### TASK DESCRIPTION
Set down again exactly the lines of the listing below that fall between the line holding "Monogram j Geschenkidee" and the line holding "HOMECALL Campingstuhl Faltbar", inclusive.
== DATA RECORDS ==
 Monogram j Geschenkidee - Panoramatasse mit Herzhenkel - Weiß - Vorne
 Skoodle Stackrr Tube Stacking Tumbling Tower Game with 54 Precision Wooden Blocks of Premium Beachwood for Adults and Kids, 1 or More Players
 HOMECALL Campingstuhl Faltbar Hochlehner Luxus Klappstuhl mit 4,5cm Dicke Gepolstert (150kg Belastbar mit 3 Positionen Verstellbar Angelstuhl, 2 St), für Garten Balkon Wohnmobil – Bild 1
===
== DATA RECORDS ==
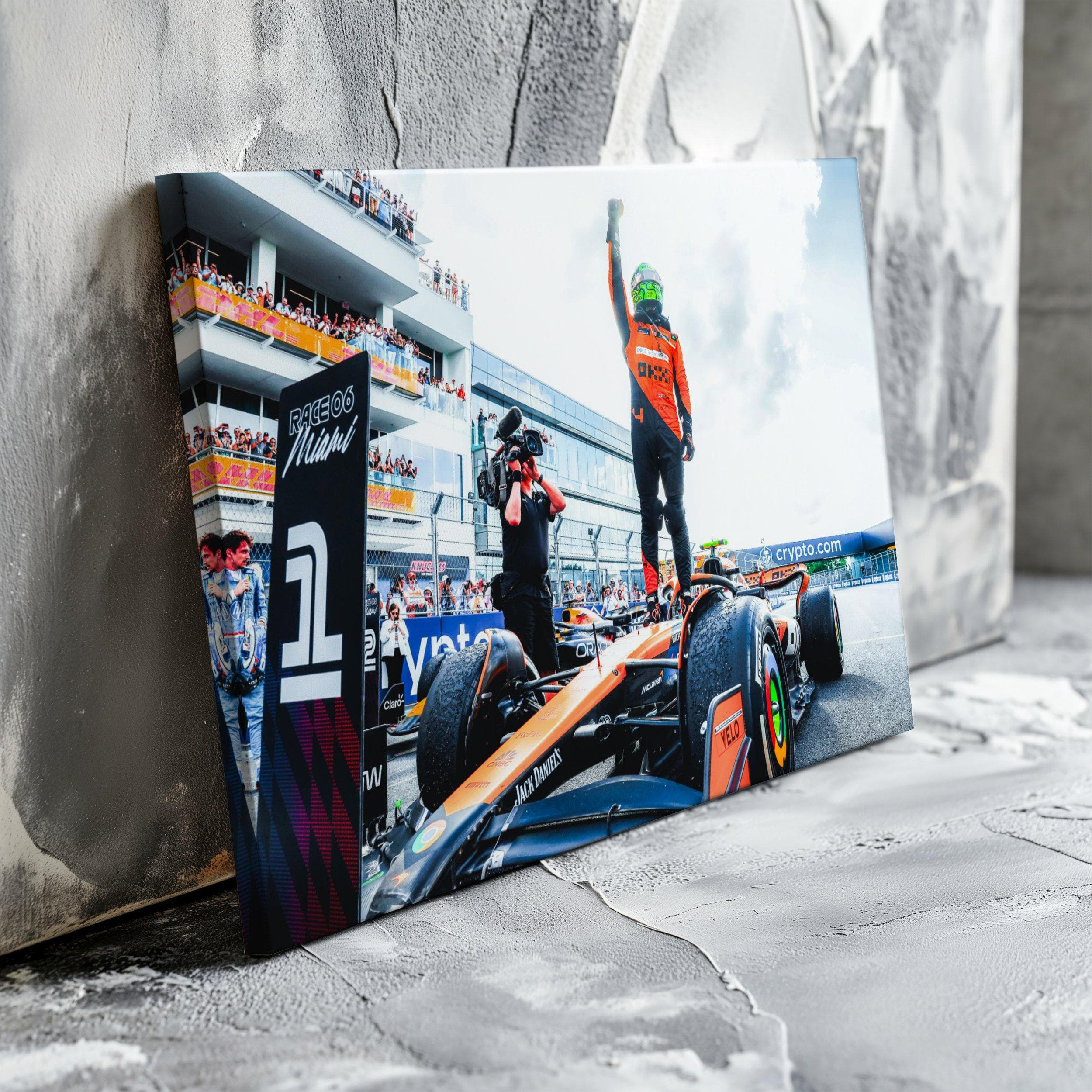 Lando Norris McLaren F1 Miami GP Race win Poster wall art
===
== DATA RECORDS ==
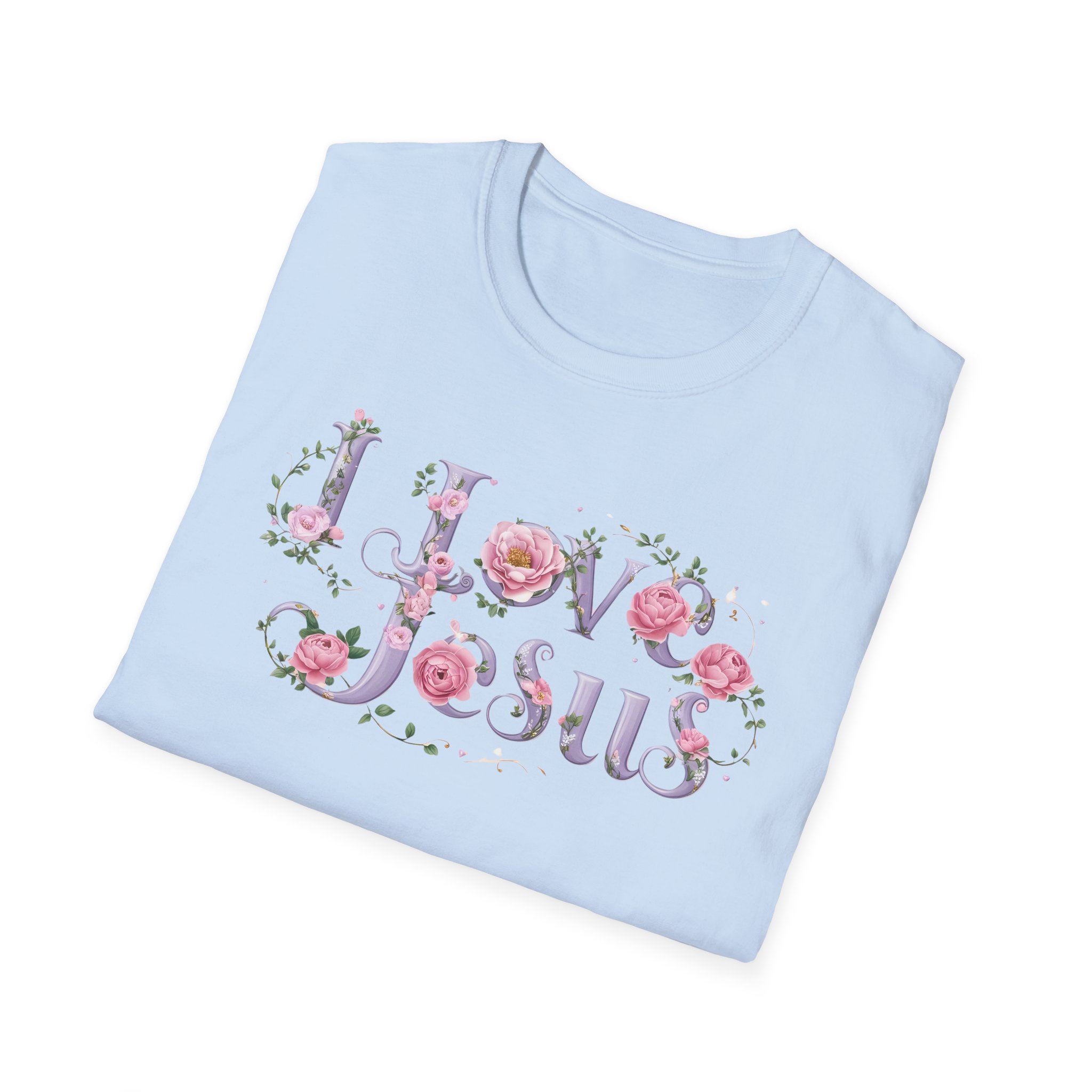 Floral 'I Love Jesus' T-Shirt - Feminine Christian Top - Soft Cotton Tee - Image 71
===
### RESPONSE BOX
 Monogram j Geschenkidee - Panoramatasse mit Herzhenkel - Weiß - Vorne
 Skoodle Stackrr Tube Stacking Tumbling Tower Game with 54 Precision Wooden Blocks of Premium Beachwood for Adults and Kids, 1 or More Players
 HOMECALL Campingstuhl Faltbar Hochlehner Luxus Klappstuhl mit 4,5cm Dicke Gepolstert (150kg Belastbar mit 3 Positionen Verstellbar Angelstuhl, 2 St), für Garten Balkon Wohnmobil – Bild 1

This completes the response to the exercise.